She's gone: her first sleepaway camp
It was really almost yesterday that she was going on her very first sleepover. Four years later, I packed her up for her first sleepaway camp. For the past two days, she - my almost-ten year-old - has been in a tizzy, making her list and checking it twice, to be sure she had everything on it. We went through and labeled everything: the tent, the tarp, the camp chairs, the flip and the flop. Everything. This morning, I had to leave for work before any one else was awake, so I missed dropping her off at their meeting place. I had to say my goodnight last night.
I just tucked her little sister into bed, and she asked me to stay and read a while. She didn't have company tonight in bed, no big sister to chatter with her while she drifted off to sleep. To be sure, we miss her. By tomorrow night, however, I might be sick with worry - wondering if she's warm enough, eating enough, having fun enough.... Even if I know in my heart of hearts that she is having the time of her life, there will be a good portion of me that will still wonder, and worry.
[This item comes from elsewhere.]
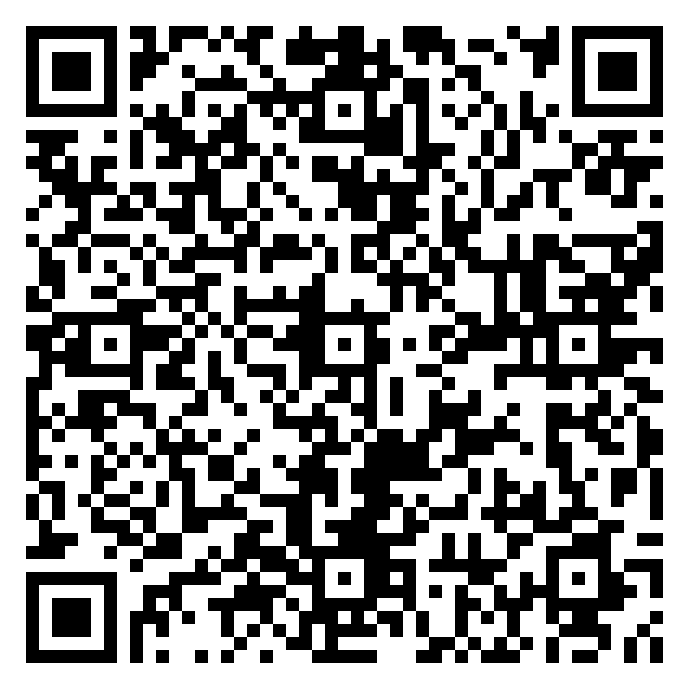 QR code 07269136000000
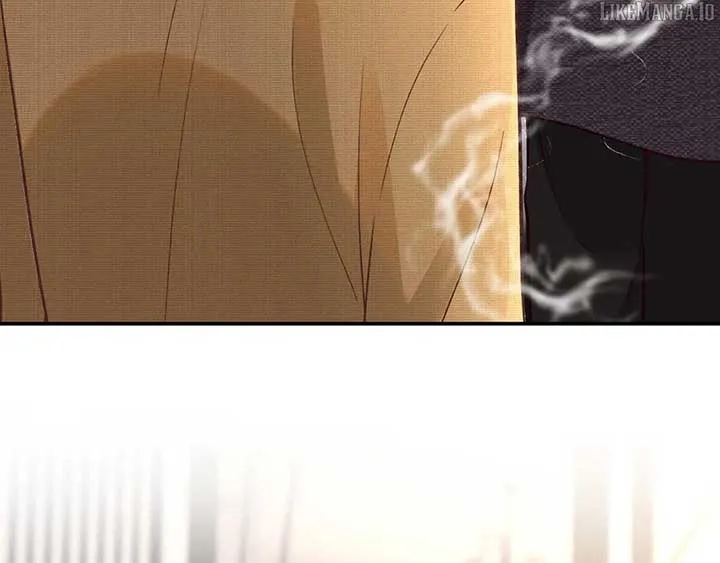 Read Everyone’s Darling chapter 262 image 49 on Lezhin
Before she left, I asked her to please use her best judgment, to let one of the counselors know if she ever feels unsafe or uncomfortable. Most of all, I told her to have fun. These are the things that memories are made of - cold summer nights at the coast, staying up with friends, roasting marshmallows, being parentless for the first time, more than just an overnight at a friend's house. I miss her so much, but I am so happy for her, excited for her and her first sleepaway camp. Thank goodness it's *only* two nights away. I don't think I could stomach much more.